DEV Community

Rafael Ferres
Rafael Ferres

Posted on

Building a Production-Grade Vector Database in Rust: What We Shipped

A deep-dive into the latest FerresDB updates — from HNSW auto-tuning and PolarQuant compression to Point-in-Time Recovery, cross-encoder reranking, and a distributed Raft foundation.


Over the past few months, FerresDB has grown from a focused vector search PoC into something that increasingly resembles a production system. This post walks through everything we've shipped recently — the architectural decisions, the tradeoffs, and the honest "here's why we did it this way" behind each feature.

If you're building RAG pipelines, recommendation systems, or any kind of semantic search on top of Rust, this is the kind of update post you'd want to read before picking your stack.


The Baseline: What FerresDB Already Had

Before diving into the new stuff, a quick recap of the foundation:

  • HNSW index with Cosine, Euclidean, and Dot Product metrics
  • WAL (Write-Ahead Log) with periodic snapshots and crash recovery
  • Hybrid search combining vector similarity with BM25 full-text scoring
  • Scalar Quantization (SQ8) — compressing f32 vectors to u8 for ~4× memory reduction
  • Tiered storage (Hot/Warm/Cold) backed by memory-mapped files
  • WebSocket streaming for real-time upserts and subscriptions
  • OpenTelemetry tracing with per-span attributes for every search operation
  • RBAC with API keys, roles, and granular per-collection permissions

That's the baseline.

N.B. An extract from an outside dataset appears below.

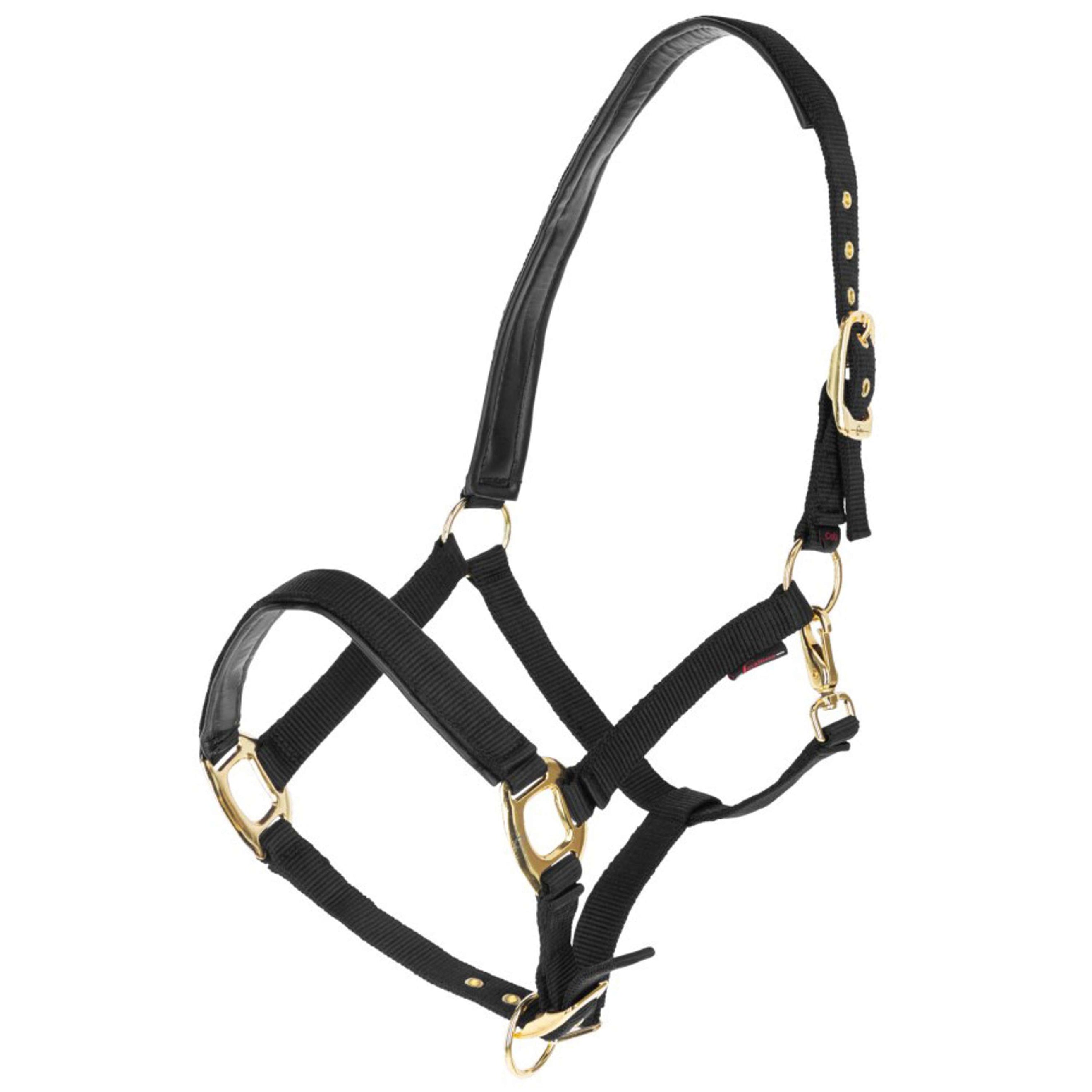 Covalliero Halfter TopLine Schwarz Covalliero Halfter TopLine Schwarz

Here's what came next.


PolarQuant: A Different Approach to Vector Compression

SQ8 works by calibrating per-dimension min/max/scale parameters and mapping each f32 value to a u8. It's effective, but it has overhead: 3 × dim × 4 bytes of calibration data per index, and a calibration step that samples up to 10K vectors before the index is usable.

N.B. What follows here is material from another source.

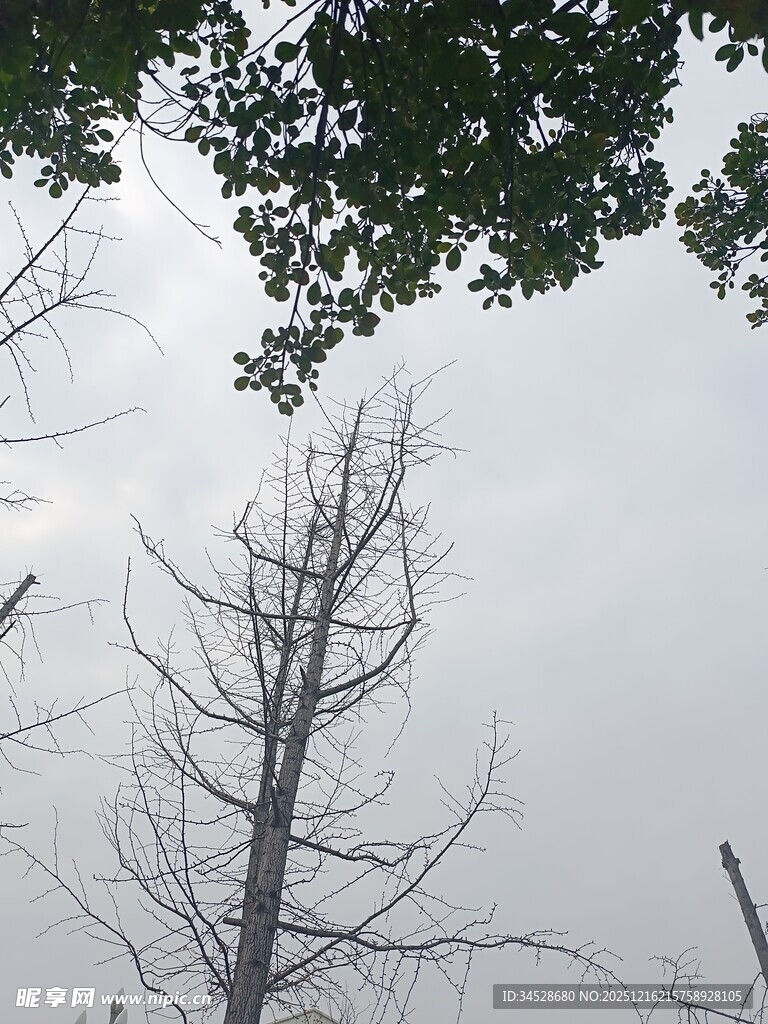 枯树与枝叶的天空景象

PolarQuant takes a different approach. Instead of per-dimension calibration, it encodes each vector as a polar coordinate decomposition — a final radius f32 plus a sequence of angles, each quantized to u8 using fixed angular boundaries [0, 2π].

polar_encode(v)  (radius: f32, angles: Vec<u8>)
polar_decode(r, angles)  Vec<f32>  // approximate reconstruction
Enter fullscreen mode Exit fullscreen mode

The key insight: angular boundaries are mathematically fixed. There's no calibration step, no per-block parameters, and no "warm-up" phase before the index is ready. You feed points in, and the index is immediately usable.

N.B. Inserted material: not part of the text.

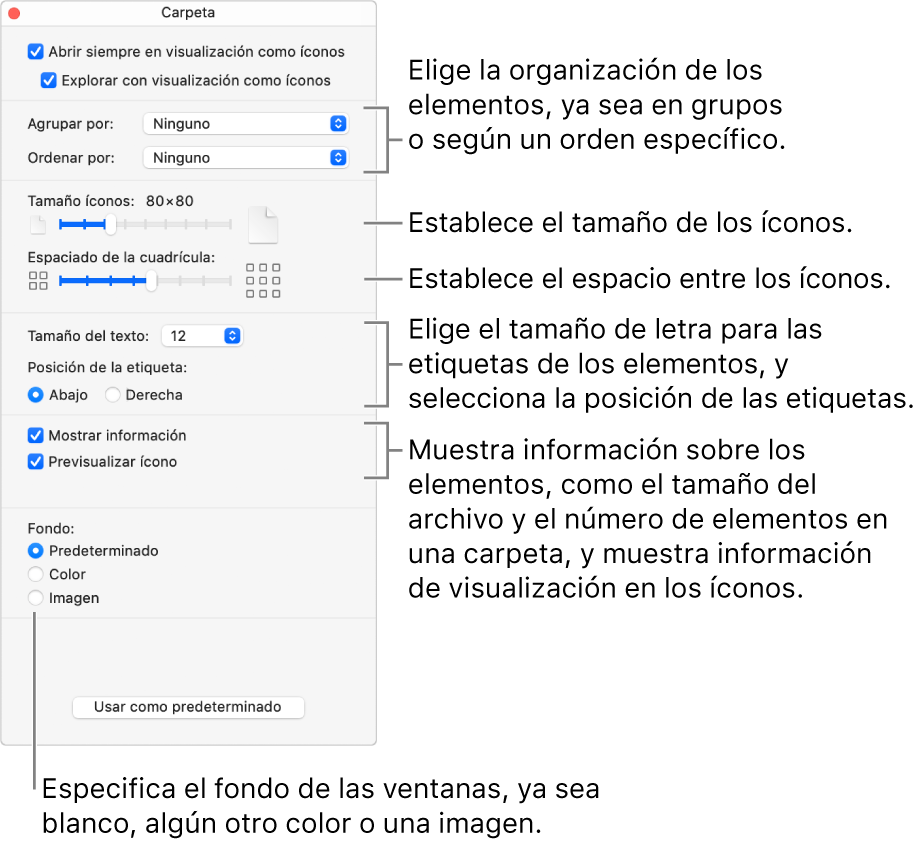 Opciones de visualización de íconos para una carpeta.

Search uses asymmetric distance: the query stays in f32, each candidate is decoded on-the-fly via polar_distance_asymmetric. This preserves precision on the query side while keeping the stored data compact.

The HNSW graph is built with reconstructed (polar_decode) vectors for high-quality navigation. This is the same pattern used in QuantizedHnswIndex (SQ8) — the graph navigates via approximate reconstructions, and the final re-ranking uses the asymmetric distance.

We added a Criterion benchmark quantization_comparison that measures build time, search latency, recall@10, and memory footprint for both SQ8 and PolarQuant at dim 128 and 384. The short version: PolarQuant is faster to initialize, SQ8 tends to be slightly more accurate at high dimensions because per-dimension calibration adapts to the actual data distribution.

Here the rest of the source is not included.